On sait que le site Wikileaks a placé en ligne fin octobre 391 832 rapports confidentiels de l’Armée américaine en Irak entre 2004 et 2009.  Dans ces rapports, les officiers sur le terrain consignent au jour le jour les « incidents » survenus lors d’interventions, de patrouilles ou de contrôles à des check-points qui, rassemblés, dressent une sorte de chronique quotidienne des atrocités  de la guerre en Irak.

Comme chacun de ces rapports est localisé en latitude et longitude, le Guardian a produit sur son site Datablog une carte interactive de chacune des morts répertoriées, pour beaucoup des civils, des femmes et des enfants (66 000 civils sur les 109 000 morts). Sur la carte, l’horreur encore un peu abstraite des rapports écrits devient tangible. Pas besoin de la musique dramatique qui accompagne cette vidéo. Un simple zoom  sur Bagdad et derrière chaque point rouge dix nouveaux points rouges apparaissent puis dix autres encore. La carte se couvre progressivement de signes écarlates comme autant de traces de sang. Dans le même temps que la photographie aérienne devient plus précise et le paysage plus reconnaissable, chacune des morts devient plus réelle et plus palpable.

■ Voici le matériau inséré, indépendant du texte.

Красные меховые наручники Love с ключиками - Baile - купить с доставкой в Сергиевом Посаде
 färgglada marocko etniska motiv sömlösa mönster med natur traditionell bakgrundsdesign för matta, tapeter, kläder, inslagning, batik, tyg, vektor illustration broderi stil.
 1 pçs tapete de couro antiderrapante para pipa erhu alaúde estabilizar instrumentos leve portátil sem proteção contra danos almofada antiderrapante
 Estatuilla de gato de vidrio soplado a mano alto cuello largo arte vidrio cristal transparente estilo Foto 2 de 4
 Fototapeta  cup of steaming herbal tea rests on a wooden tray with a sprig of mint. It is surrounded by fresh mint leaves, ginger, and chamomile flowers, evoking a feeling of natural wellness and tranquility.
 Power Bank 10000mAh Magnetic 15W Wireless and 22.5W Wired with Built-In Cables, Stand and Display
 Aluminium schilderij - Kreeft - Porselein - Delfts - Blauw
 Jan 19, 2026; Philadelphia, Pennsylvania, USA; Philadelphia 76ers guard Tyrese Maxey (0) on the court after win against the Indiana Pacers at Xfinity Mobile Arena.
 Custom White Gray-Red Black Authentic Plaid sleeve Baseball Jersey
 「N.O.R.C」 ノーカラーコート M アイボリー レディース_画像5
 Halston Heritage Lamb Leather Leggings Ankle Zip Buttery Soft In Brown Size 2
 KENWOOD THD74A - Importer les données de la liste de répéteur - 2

On n’a pas tellement le goût à théoriser mais on mesure là très bien les effets d’une carte.  Effet synoptique : on voit toutes ces morts d’un coup et non pas séquentiellement comme dans les rapports écrits. Effet de réalité : l’inscription dans une topographie précise donne une présence concrète à chacun de ces drames, que renforce l’affichage de la fiche descriptive associée aux points. L’interactivité de la carte donne donc à voir à la fois le nombre astronomique de victimes et chaque tragédie individuelle. Effet symbolique aussi, même s’il est ici d’une simplicité extrême : des points verts n’auraient pas créé la même émotion.

Pas de commentaire à ajouter à ce triste billet, sinon que, selon les spécialistes, le nombre de victimes est très largement sous-estimé, les  militaires de la « Multi-National Force » ne mentionnant que les morts auxquelles ils ont directement assisté ou quand la violence de l’engagement leur permettait de les répertorier.  Et pour souligner aussi que ce travail du Guardian illustre ce qu’on appelle le journalisme de  données, voir Wikipédia (en anglais)  et l’article à ce propos  de Hubert Guillaud sur InternetActu.  Les journalistes organisent et présentent les données qu’ils utilisent pour leurs articles  et les mettent à la disposition des utilisateurs qui peuvent les télécharger pour les traiter eux-mêmes.